Does the UK coal phaseout spell the end of opencast mining?
Guy Shrubsole is a climate campaigner for Friends of the Earth. Additional reporting by Michael Drax.
The UK government’s announcement last week that it will close all of its coal power plants by 2025 raises further tantalising questions, namely will the UK then also stop digging up coal?
Does it finally mean curtains for the destructive opencast mining industry?
UK mines extracted around 12 million tonnes of coal in 2014, supplying fuel to our 10 remaining coal power stations, plus some ‘metallurgical coal’ for Britain’s remaining steel industry.
Last year we imported some 42 million tonnes of coal from the US, Colombia and Russia. The days when coal mining employed hundreds of thousands of working-class men are long gone.
The UK’s last remaining deep mine, Kellingley in Yorkshire, is closing its doors on December 10th this year. Thirty years ago, at the close of the 1984-5 miners’ strike, coal mining employed around 200,000 men. Now, it employs fewer than 3,000.
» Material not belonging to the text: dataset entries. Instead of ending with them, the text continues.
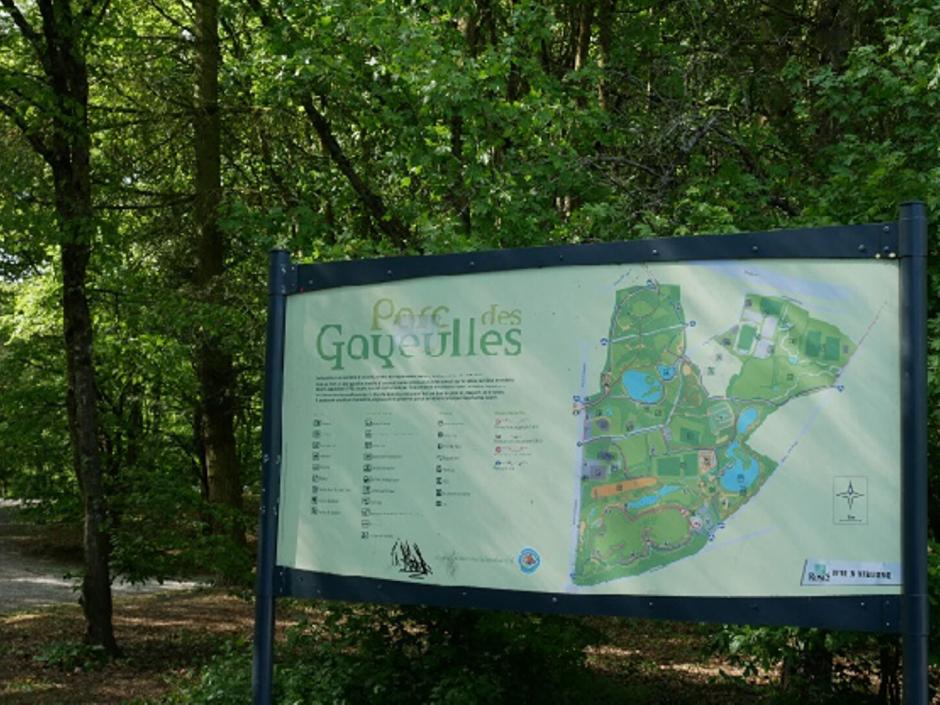 Ac3- location appartement 
rennes
 1766796984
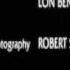 Shoot To Kill Credits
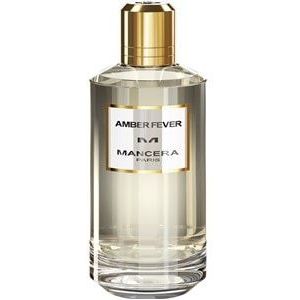 Mancera Collections Mancera Classics Amber FeverEau de Parfum Spray
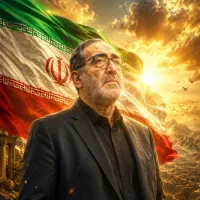 طراحی حرفه ای عکس شهدا و اموات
The great majority of our domestically produced coal now comes from opencast mining — a process that employs far fewer people than deep mining and causes enormous environmental damage.
Opencasting scars the landscape, pollutes the air with coal dust, disrupts communities with blasting and heavy traffic, and frequently leaves major issues with restoration for years afterwards.
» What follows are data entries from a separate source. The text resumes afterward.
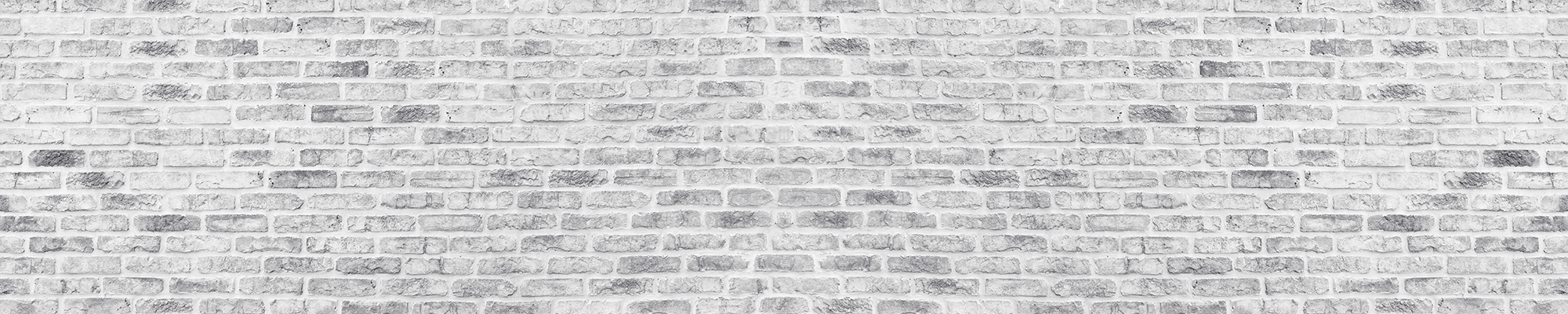 Madison Floor - Inspiration Galleries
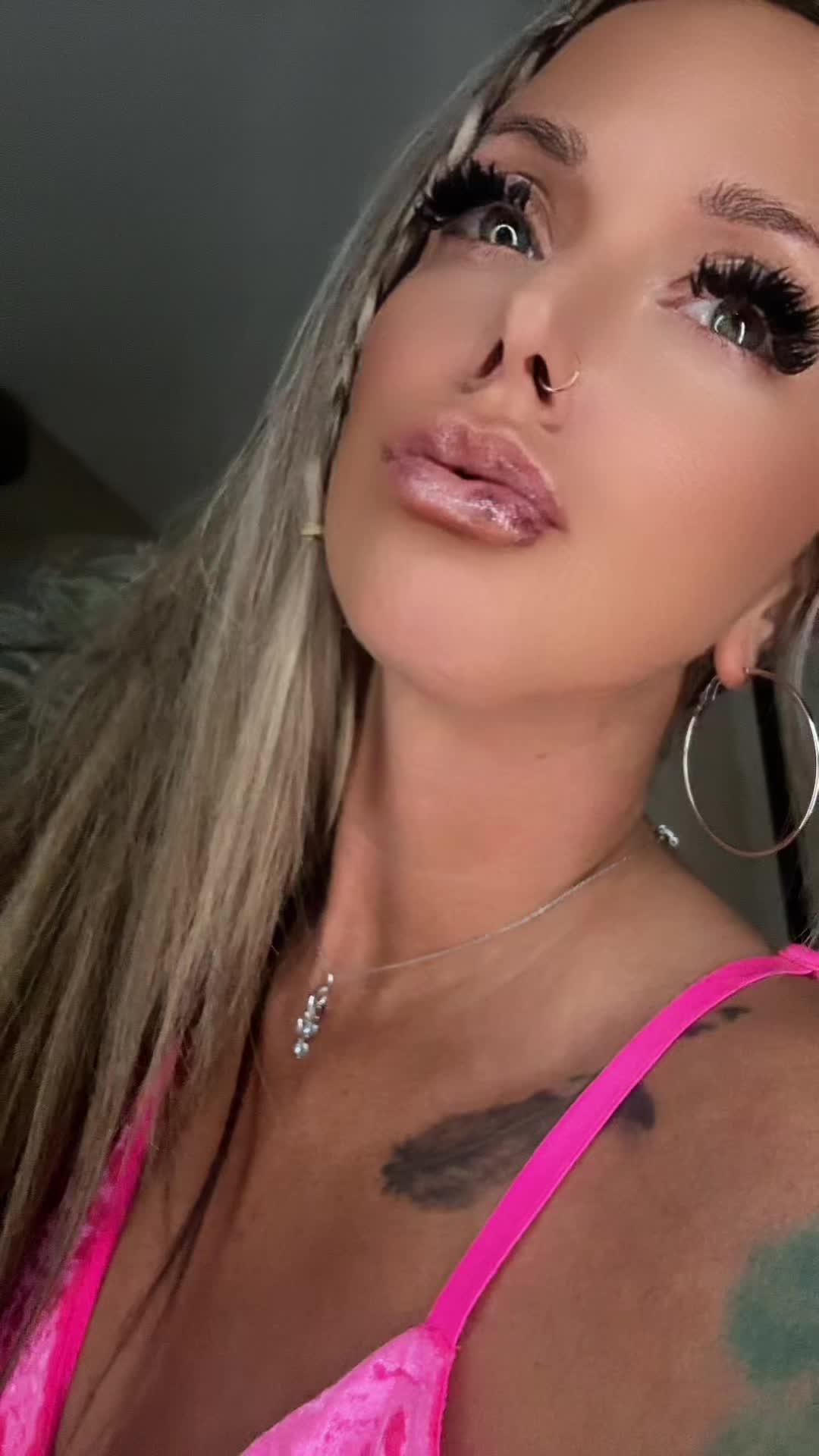 @kingamburrr
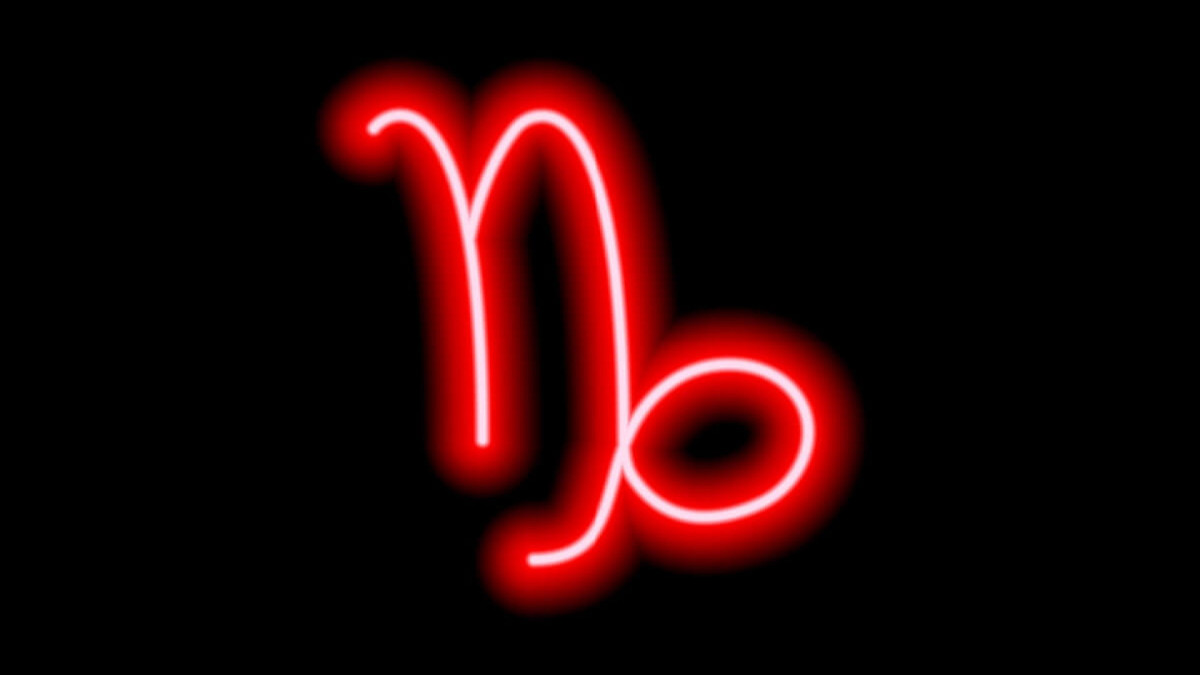 Previsões de Janeiro de 2026 para Capricórnio: amor, trabalho e finanças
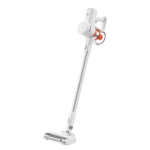 Varstolmuimeja Xiaomi Mijia tolmuimeja 4C; 75 min; 2,4 kg; 20000 Pa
“The local effects of digging up more and more coal are devastating enough – and the global impacts are terrifying”, says Alyson Austin, a resident of Merthyr Tydfil in South Wales, who has lived with opencast mining on her doorstep for years.
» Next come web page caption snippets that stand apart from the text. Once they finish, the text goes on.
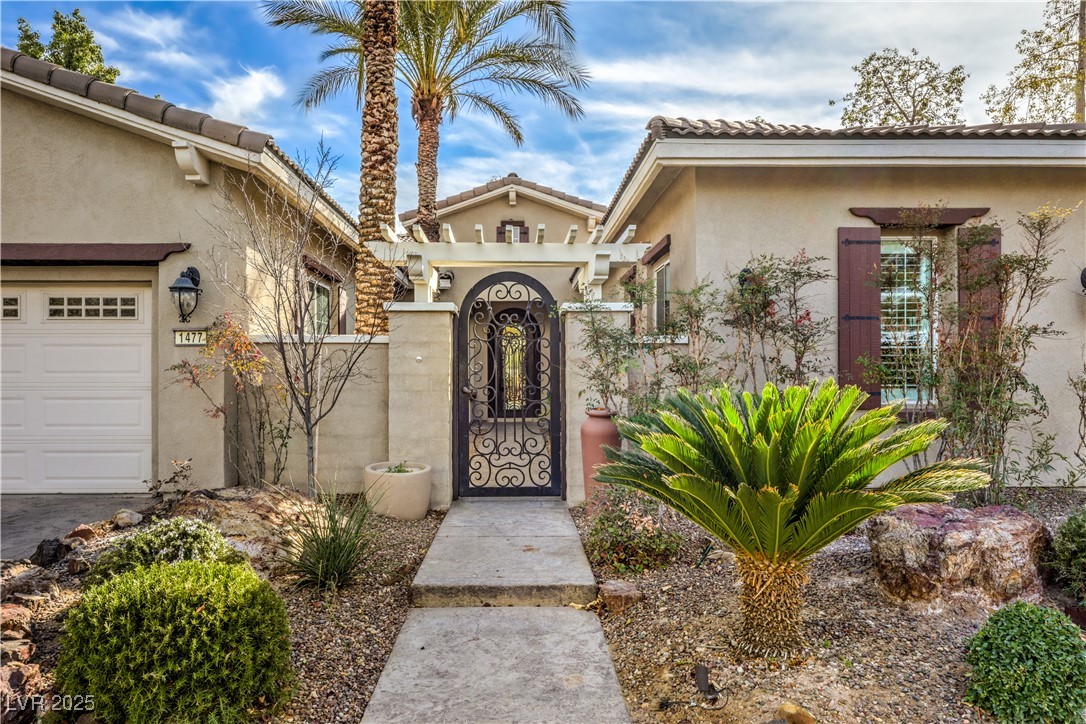 1477 Foothills Village Drive
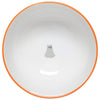 Kindred Spirits Ghost Bowls - Set of 4 - Freshie & Zero Studio Shop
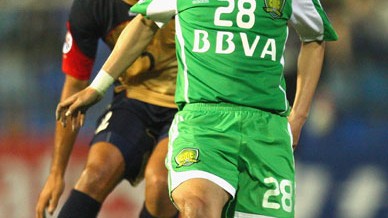 传承足球明星联赛冠军组B组第2轮战报——深圳传承明星主场大捷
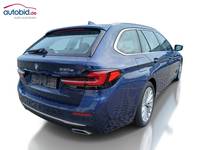 Náhled zezadu zprava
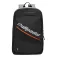 Bullpadel Bpm26001 hack 背包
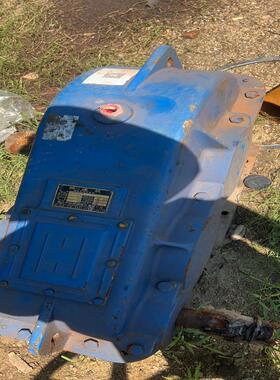 【汇生】ZQ500.40.17纯新【议价】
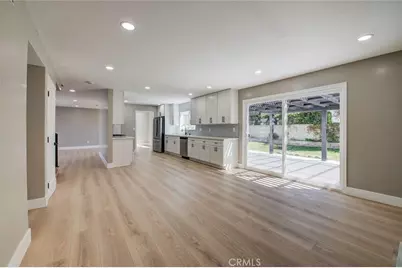 13422 Pepperdine, Westminster, CA 92683 - Photo 25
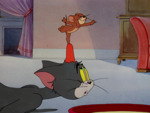 Tom et Jerry (1940-1958) - image 30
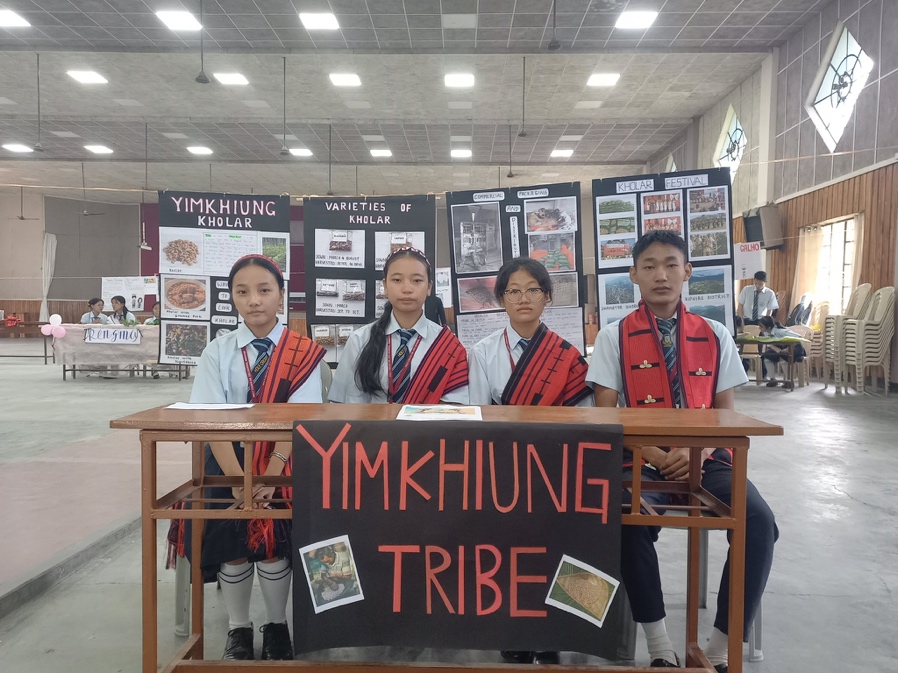 Native Foodscape Foundation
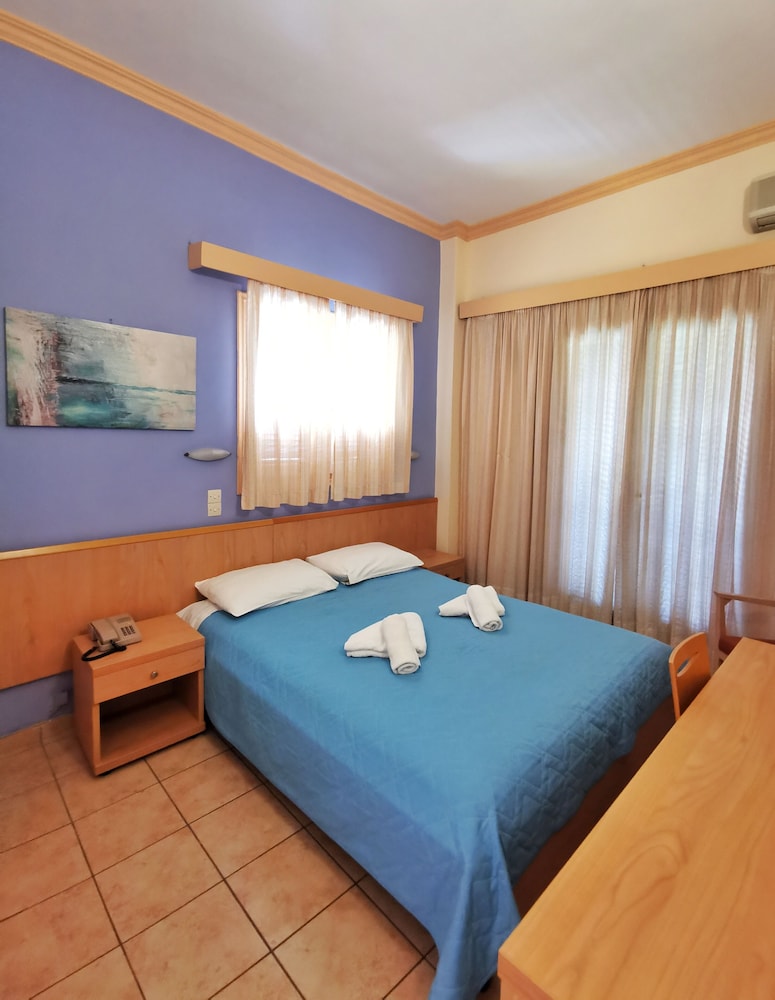 Possidon Hotel 17/50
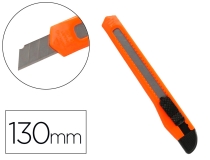 Cuter Qconnect plastico estrecho cuchilla 9
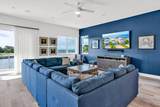 2010 Sombrero Beach Road - Photo 16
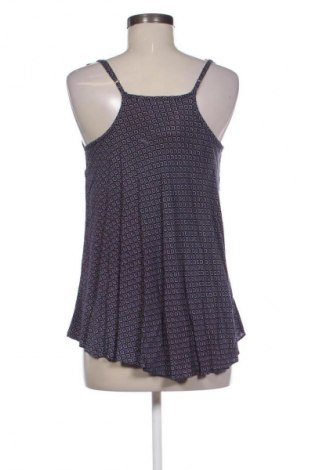 Damentop Unbranded, Größe XL, Farbe Mehrfarbig, Preis 13,99 €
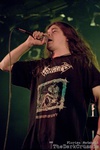 Kataklysm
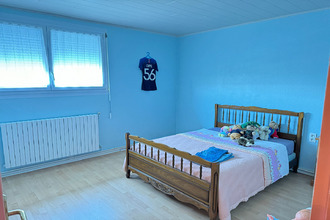  maison landaul 56690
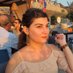 Vanessa Ricciardi (@vanessaeffect) Twitter profile photo Vanessa Ricciardi (@vanessaeffect) Twitter profile photo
Every time I mention to someone that we still do opencast mining in this country, they’re shocked: “I thought that had finished long ago.”
But it’s true: There are some 20-30 opencast mines are currently in operation, planning or restoration around the UK.
Despite rising concerns about climate change, opencast coal output even saw a resurgence in the mid-2000s which is only now starting to be checked – as the graph below shows.
After Thatcher defeated the miners, the coal mining industry was eventually privatised in 1994, leading to a handful of private companies buying up the mines.
Today, there are five main firms engaged in opencast coal mining in the UK: the wealthy family firm Banks Mining, who run mines on Lord Ridley’s land in Northumberland; Miller Argent, which runs a vast mine in Merthyr, south Wales; Celtic Energy, who own a range of sites across the Welsh valleys; Hargreaves Services Plc, who operate most of the remaining Scottish opencast sites; and the very complex web of successor companies to UK Coal, which restructured in 2012-14.
A handful of other companies operate individual mines.
Friends of the Earth investigations of these companies to date reveal a mixed picture of their financial health and likelihood of surviving a transition away from coal.
The 5 firms have a combined turnover approaching half a billion pounds, with annual profits of over £60m. But whilst some of the companies appear to be in rude health, others – like UK Coal – seem to be in dire financial straits, rocked by low coal prices as well as collapsing demand.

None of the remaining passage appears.